En revanche, l’ambiance change nettement à la page 157 et la lecture devient plus plaisante : plus rythmée et plus vivante. On reconnaît enfin la plume de Bernard Marck dans sa narration de l’invraisemblable traversée des Andes en 1921 par la fantasque Adrienne Bolland, avec bien évidemment l’incontournable évocation des étranges recommandations qui lui furent faites par une inconnue peu avant sa tentative. Du mystère, certes, mais pas une sornette, car cette épisode effarant fut rapporté par l’aviatrice elle-même.
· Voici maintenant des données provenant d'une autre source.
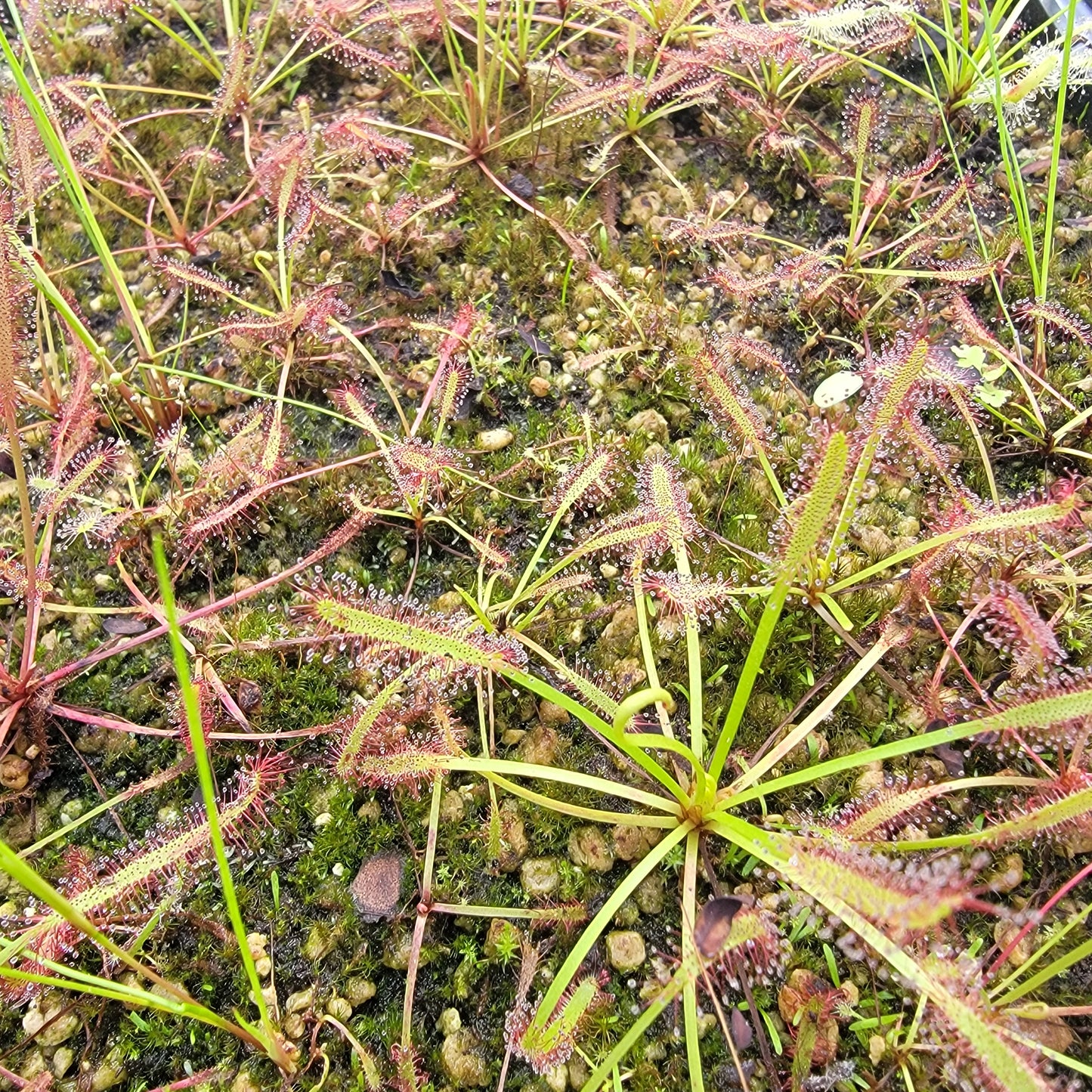 Drosera capensis SG bare root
La suite est de la même eau et évoque des événements fantastiques* dont certains sont connus des amateurs d’histoire de l’aviation, comme ce qui tourne autour de la catastrophe du dirigeable britannique R-101, d’autres moins communs, comme les dialogues de Lord Dowding* avec ses pilotes tués au combat. Le chapitre suivant rappellera des souvenirs à ceux qui, dans les années soixante-dix, rivaient leur postérieur sur un fauteuil et leurs yeux sur leur téléviseur pour suivre l’Histoire de l’Aviation de Daniel Costelle : il vont retrouver, avec force détails inédits, Nicholas Alkemade, ce mitrailleur de queue qui, en 1944, sauta sans parachute d’un Lancaster en flammes depuis une altitude de près de 6000 m… et en survécut tellement bien qu’il put témoigner devant la caméra de Costelle. On ne s’en tiendra pas là, car après Alkemade, ce livre évoque d’autres de ces « miraculé(e)s ».
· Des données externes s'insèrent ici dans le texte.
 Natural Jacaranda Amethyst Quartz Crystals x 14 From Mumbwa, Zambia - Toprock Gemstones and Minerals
Quelques autres courts sujets où il est question de cas inexpliqués (et inexplicables) viennent clore ce livre, par exemple avec le passage bruyant à basse altitude du Williams W-17 « Stinger » rouge (un bolide de compétition) de Deke Salton, « patron des astronautes »… alors que celui-ci est décédé et que l’appareil n’a pas bougé de son hangar.
Voilà donc un livre qui, en raison de son sujet, n’aura peut-être pas sa place dans une bibliothèque « aéro », mais qui, tout compte fait, en trouvera une dans un sac de plage ou de voyage. On y retrouvera l’ambiance plus « spiritualiste » qui fut celle des années soixante-dix… sans toutefois partir dans le fantastique échevelé du Matin des magiciens cher à Richard Nolane.
Philippe Ballarini
*Le livre de Charles Berlitz : The Bermuda triangle (Avon Publishing, London, 1974)
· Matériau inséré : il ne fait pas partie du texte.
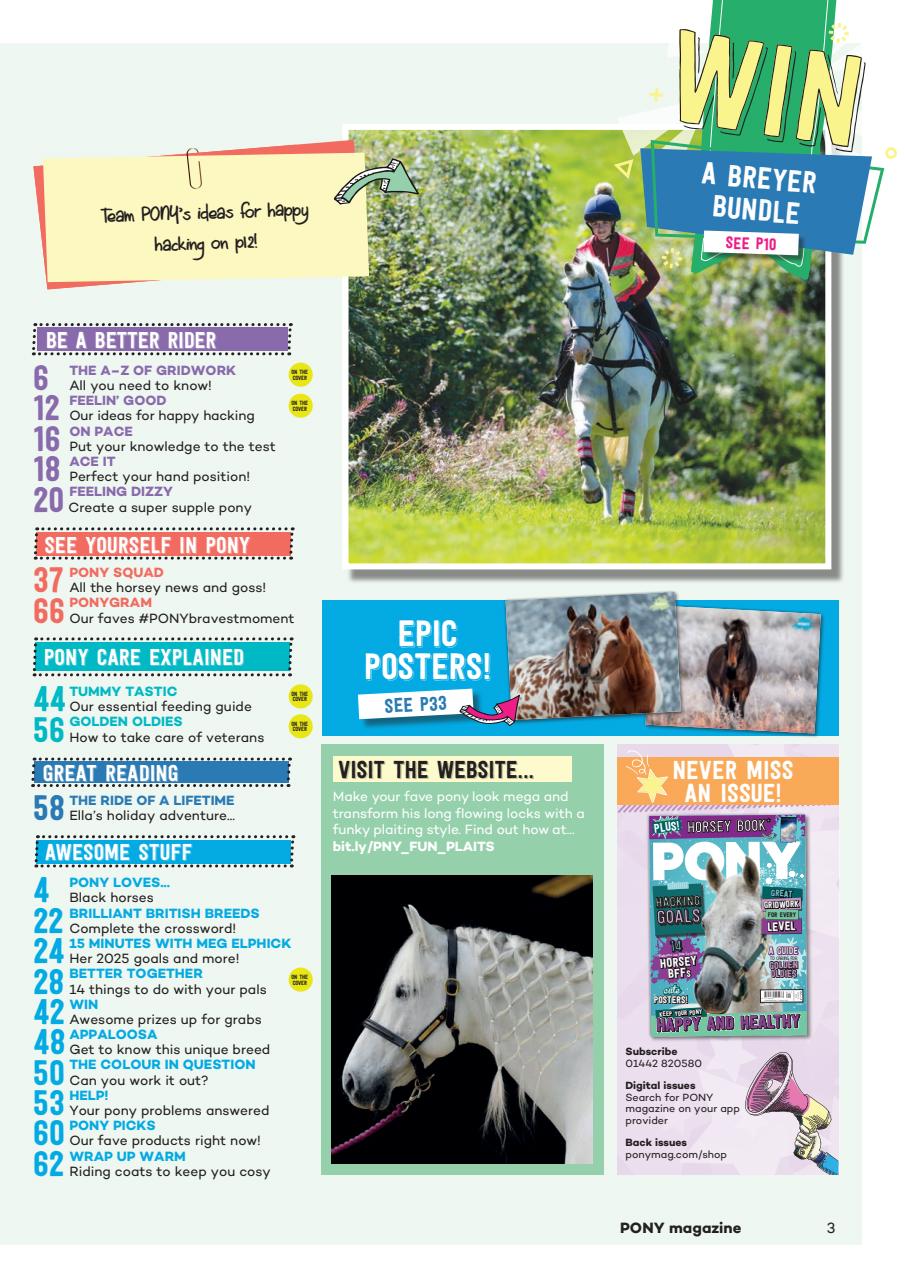 Pony Magazine Preview Pages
*fantastique, au sens propre du terme : « Se dit d’une œuvre littéraire, artistique ou cinématographique qui transgresse le réel en se référant au rêve, au surnaturel, à la magie, à l’épouvante ou à la science-fiction. (Larousse) ».
*Lord Hugh Dowding, chef du Fighter Command durant la bataille d’Angleterre, reconnu comme étant le principal artisan du (relatif) succès de cette bataille.